The first hurdle for a Bluetooth speaker to clear is to make you forget you're listening to music on a relatively small and portable speaker. The Sony SRS-XB32 clears that hurdle with aplomb. It's higher ranges sound reasonably clear and lack any of that tinniness you'd fear from a small speaker. Its bass is also defined and deep enough to make the music feel well anchored and rounded. This is probably plenty of sound quality for 99% of those looking to listen to music away from outlets.

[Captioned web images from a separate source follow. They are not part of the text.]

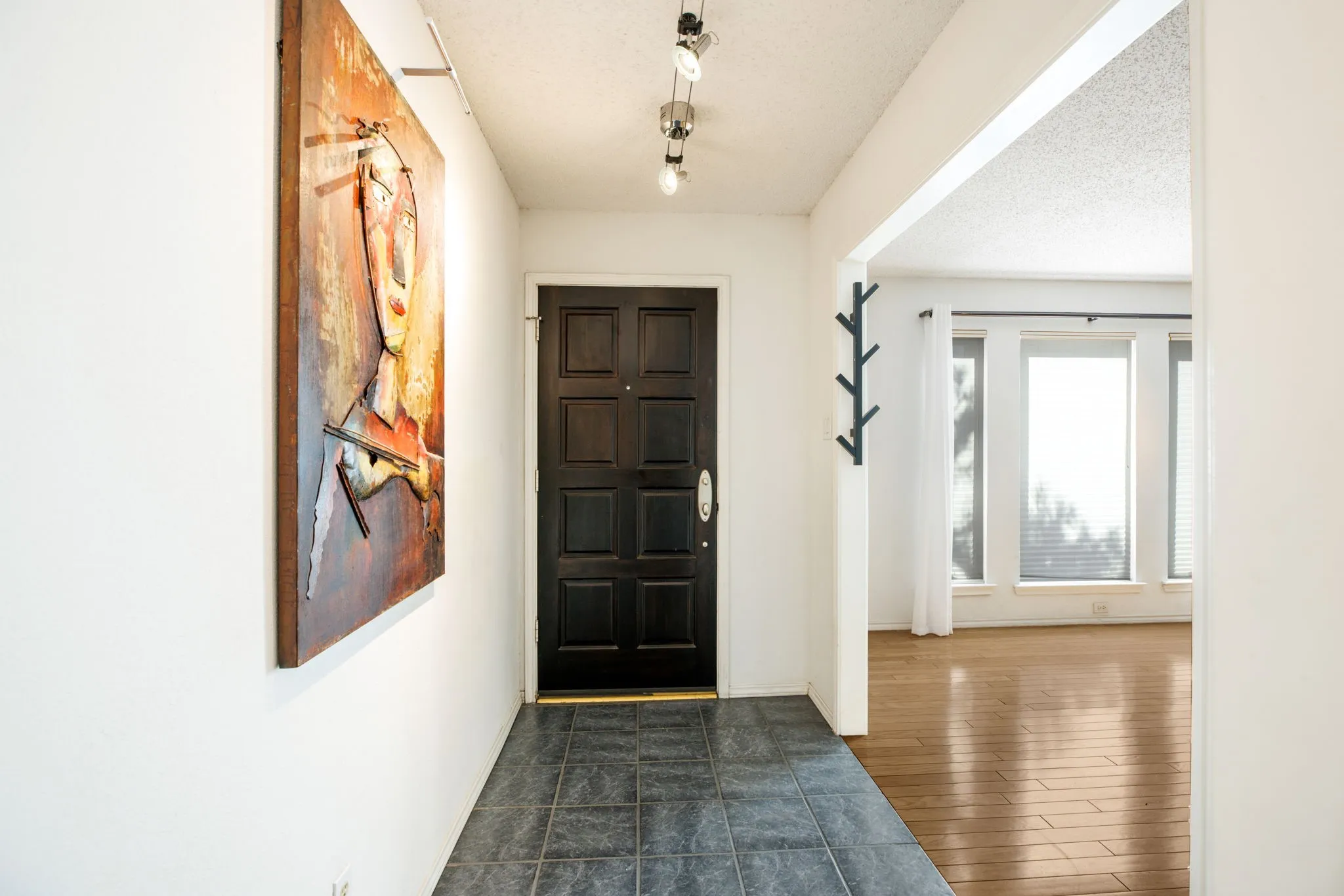 Entryway featuring dark tile flooring and a paneled entry door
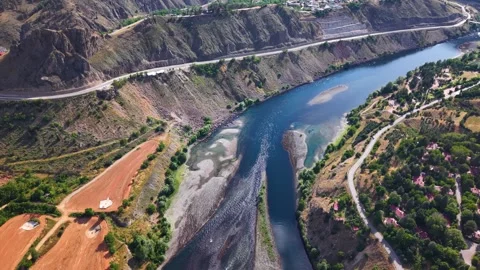 Cinematic Drone Flight Over Flowing River with Gradual Upward Camera Tilt Stock Footage 340249723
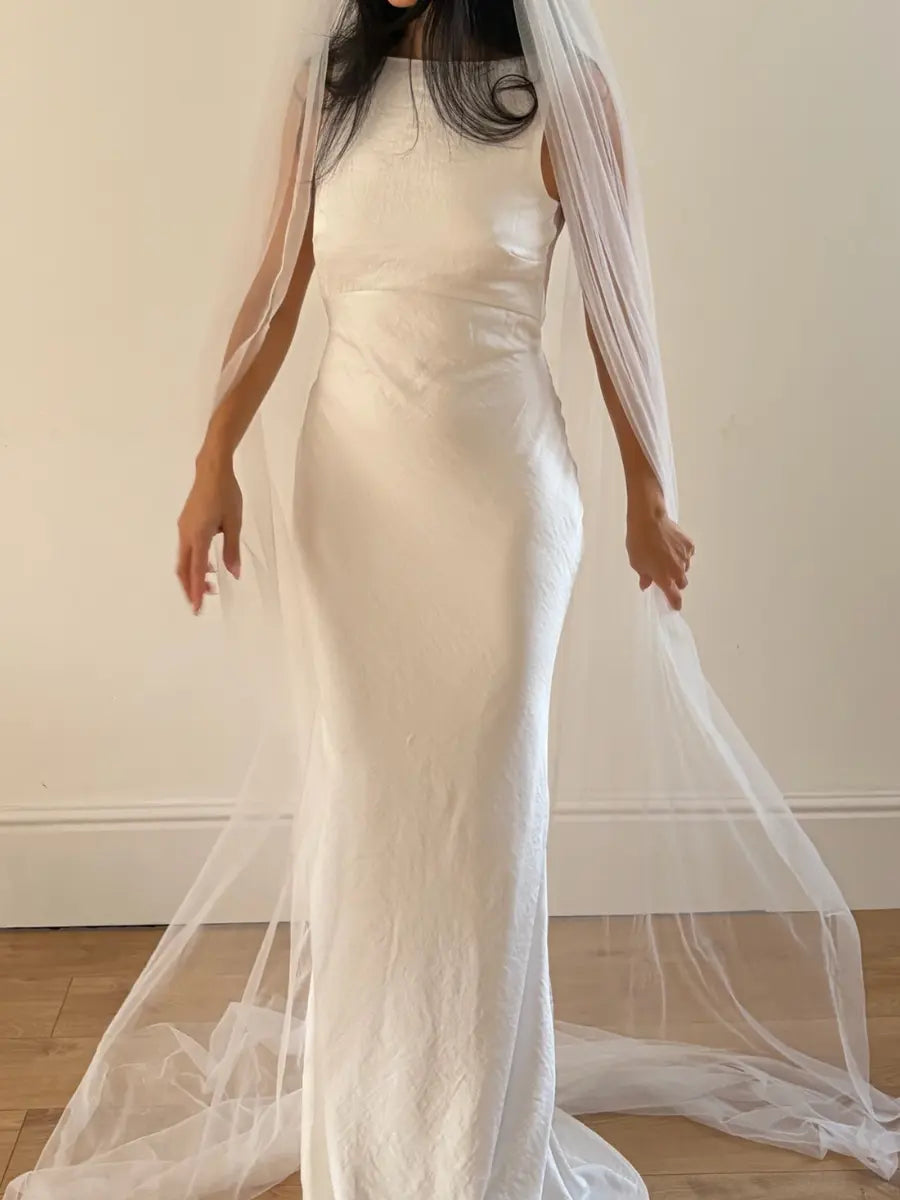 Person wearing a white wedding dress with a long plain veil against a plain background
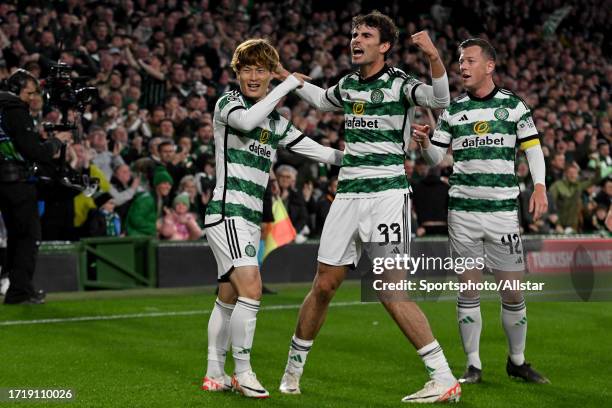 Kyogo Furuhashi,Matt O'Riley and Callum McGregor of Celtic celebrate during the UEFA Champions League match between Celtic FC and SS Lazio at Celtic...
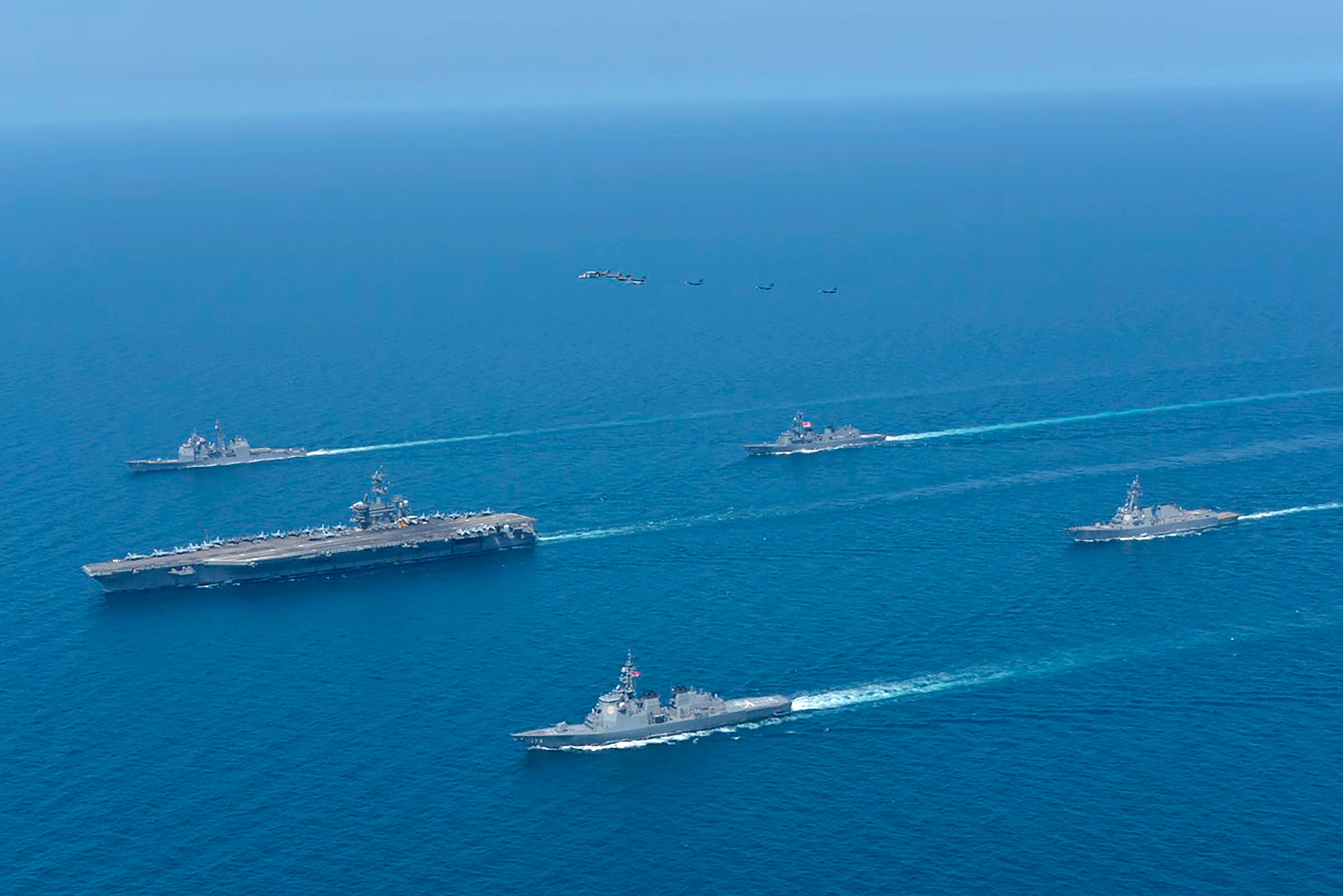 US and Japanese warships pictured during a joint exercise. Photo: AP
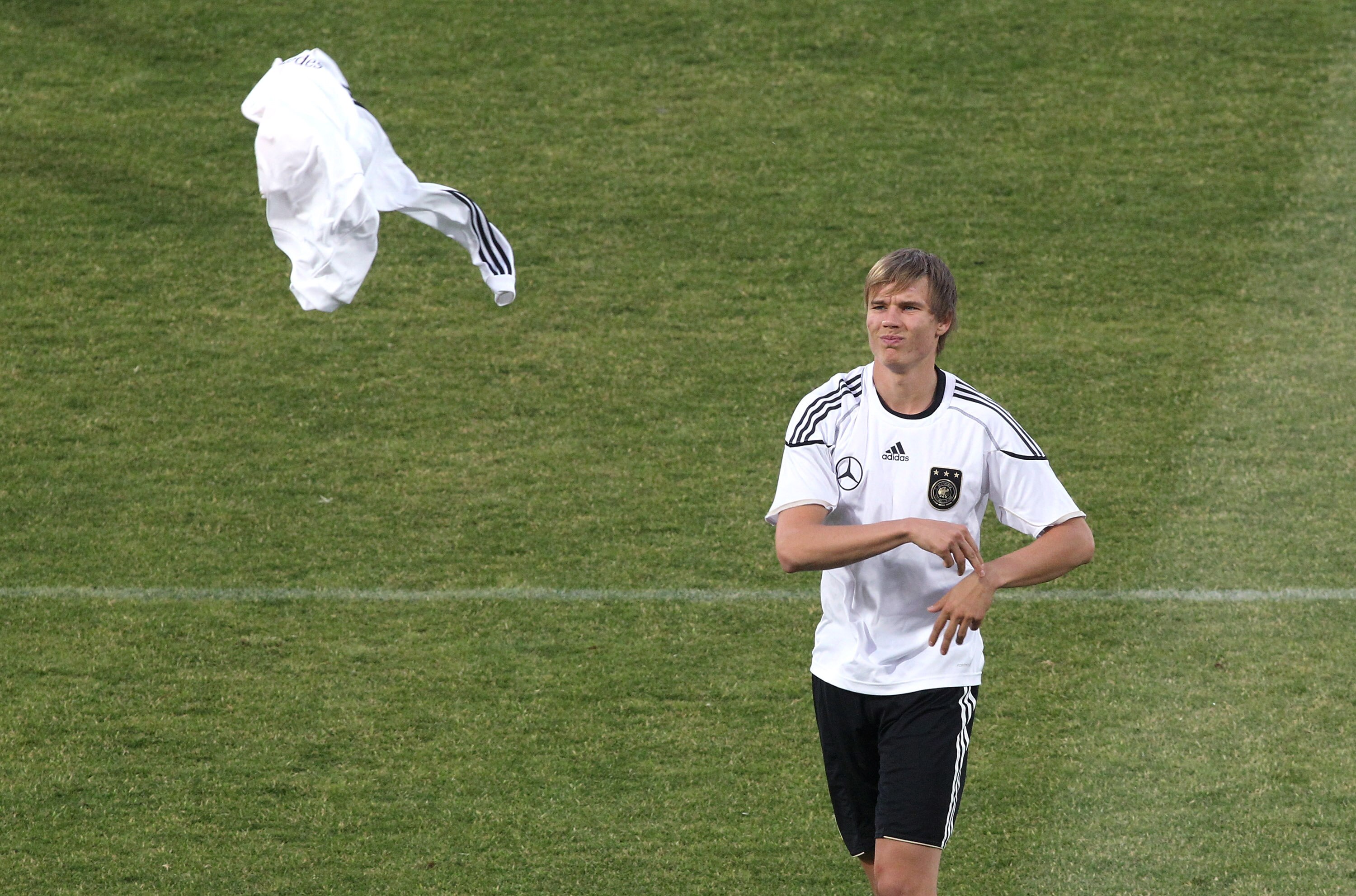 PRETORIA, SOUTH AFRICA - JUNE 25:  Holger Badstuber of Germany throws a jersey during a training session at Super stadium on June 25, 2010 in Pretoria, South Africa.  (Photo by Joern Pollex/Getty Images)
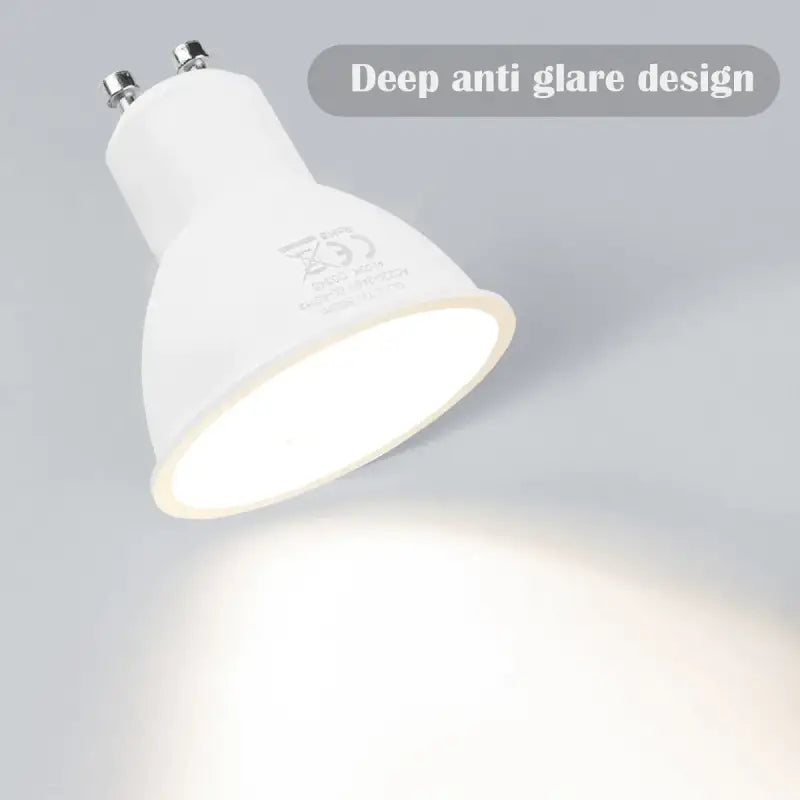 a white light bulb on a gray background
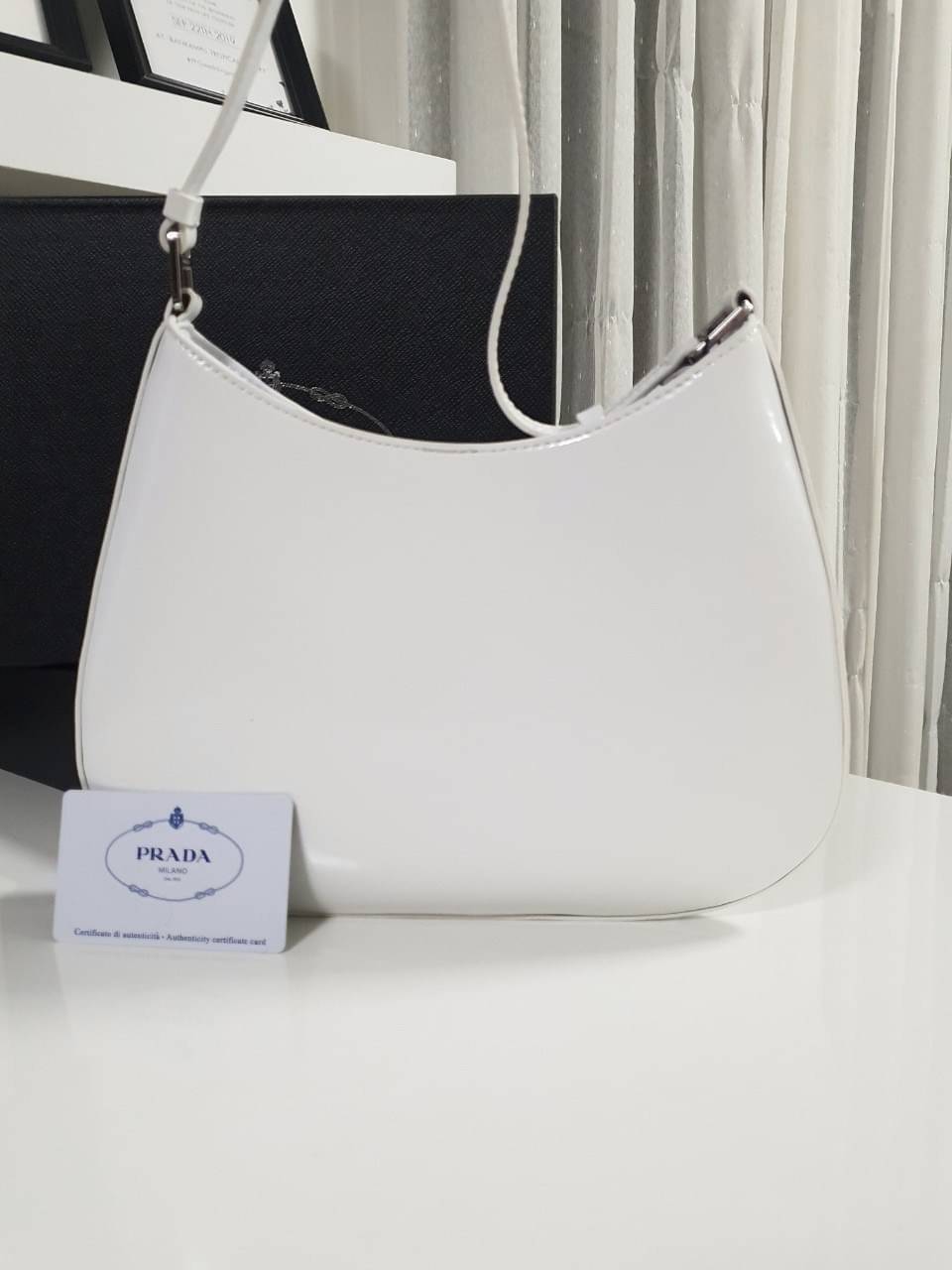 Prada Cleo brushed leather shoulder bag กระเป๋าทรงสวยยอดฮิต กับแบรนด์ PRADA งานพรีเมียมกิ้ฟท์จากแบรนด์ ทรงสะพายไหล่สวยหรูอยู่ทรง PRADA CLEO หนังเรียบดำเงาหรูสุดคลาสสิต เปิดปิดด้วยกระดุมอะไหล่เงินทั้งใบ ด้านในใส่กระเป๋าสตางค์ยาว มือถือ ของจุกจิกได้เยอะ มีป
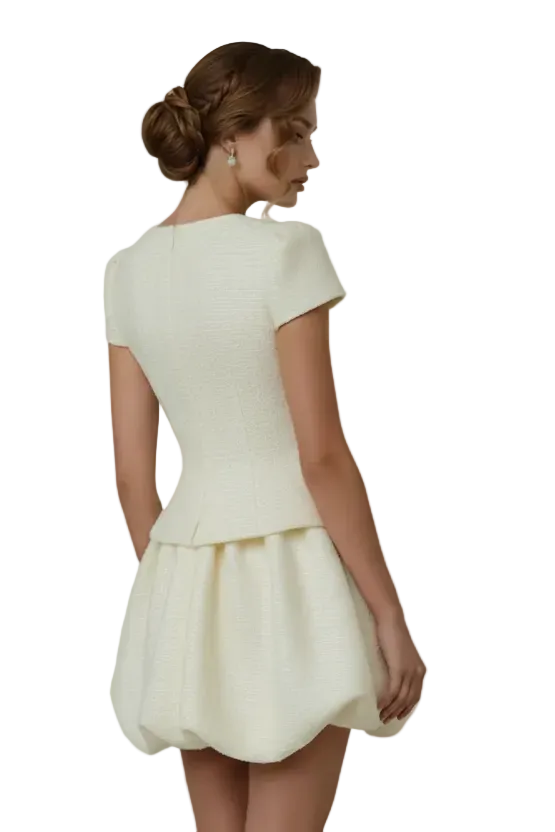 Woman wearing a white dress against a plain background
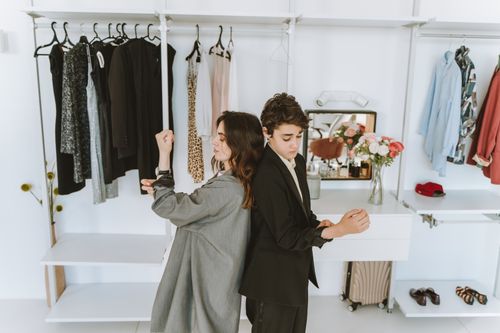 Free A mother and son dressed in black and gray suits, stand back to back in a stylish wardrobe setting. Stock Photo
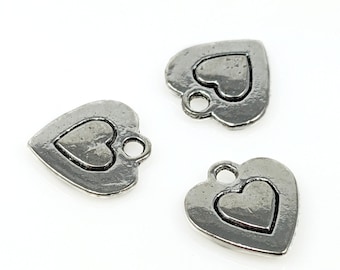 May include: Three silver heart-shaped charms with a smaller heart design inside each. The charms have a loop at the top for attaching to jewelry or other crafts.
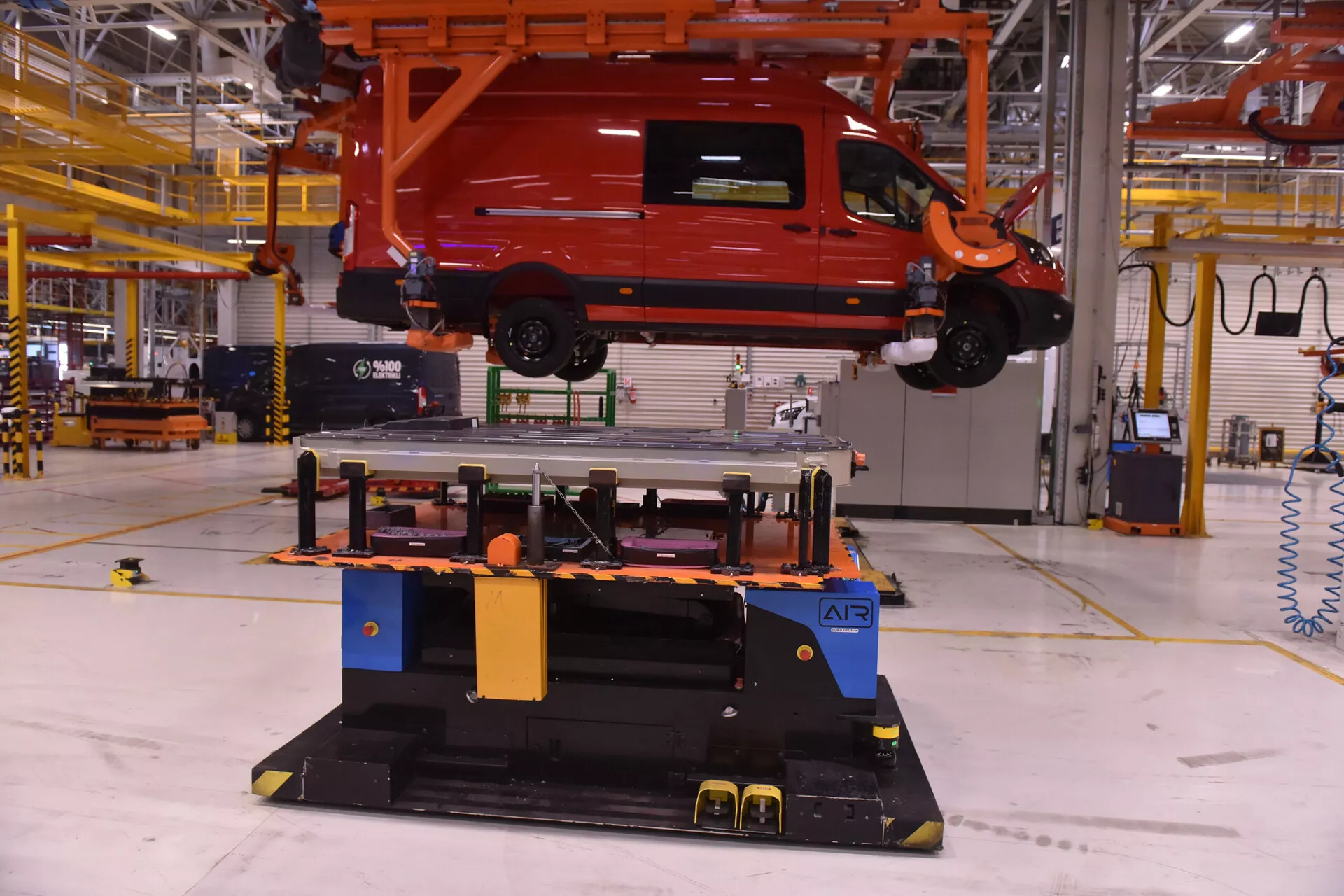 Furgão comercial Alfa-Romeo Stelvio 2017 suspenso por um sistema de manuseio aéreo em uma instalação de fabricação, mostrando tecnologia na montagem de veículos e automação de linhas de produção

The next bar for one of these speakers to pass would be adding some impressive clarity, nuance, and balance to the music. Basically, to make you feel like you were listening to a proper speaker that must be plugged into a wall. The Sony SRS-XB32 stops a bit short here, as it lacks that over-the-top clarity and bass punch that the top-tier speakers have. We wouldn't call this a shortcoming, however, it's just that the Sony SRS-XB32's listening experience falls a bit below premium.
If you're a bass lover, the Sony SRS-XB32 does have a bass boost mode that provides noticeably more low end. However, that extra power is a bit muddled, so we preferred the sound with this feature turned off.
This is where the Sony SRS-XB32 lost some favor in our books. While it is IP67 fully waterproof, it weighs a whopping 32 ounces (that's a full 2 pounds). That weight is well above average, and is definitely noticeable in a bag or pack. Unless we weren't straying far from our car, we were pretty reluctant to tote the Sony SRS-XB32 along with us.
It should be noted that a lot of that additional heft likely comes from this speaker's "party" features — namely some LEDs that flash along with the music, and the ability to smack the speaker in certain spots to elicit electronic drum noises (a feature we found so laggy that it will likely offend anyone with a decent sense of rhythm). To each their own, but we found these features to be a bit gimmicky. They certainly didn't add anything to our musical experience, so we would have much preferred to do without them if it meant the speaker could be a bit slimmer.
The Sony SRS-XB32 is quite loud. It has plenty of power to fill a large apartment with sound or keep a campfire dance party raging. However, given its size we expected it to be a bit louder. We've run into much smaller speakers that can produce as much volume, and similarly sized speakers that can produce more sound, so this wouldn't be our first choice for those that place a premium on maximum volume.
In our testing the Sony SRS-XB32 lasted a full 24 hours, plenty for a weekend at the cabin or campsite.
The Sony SRS-XB32's price is a bit above average. Its balance of attributes doesn't fit any specific use case scenarios as many other speakers we've found that cost the same or less. Therefore, we feel that most people will be able to find better ways to spend their speaker money.
Unfortunately, the Sony SRS-XB32 doesn't have any points strong enough to counterbalance its hefty size and weight, so we rarely found ourselves reaching for it anytime we had need for a portable speaker.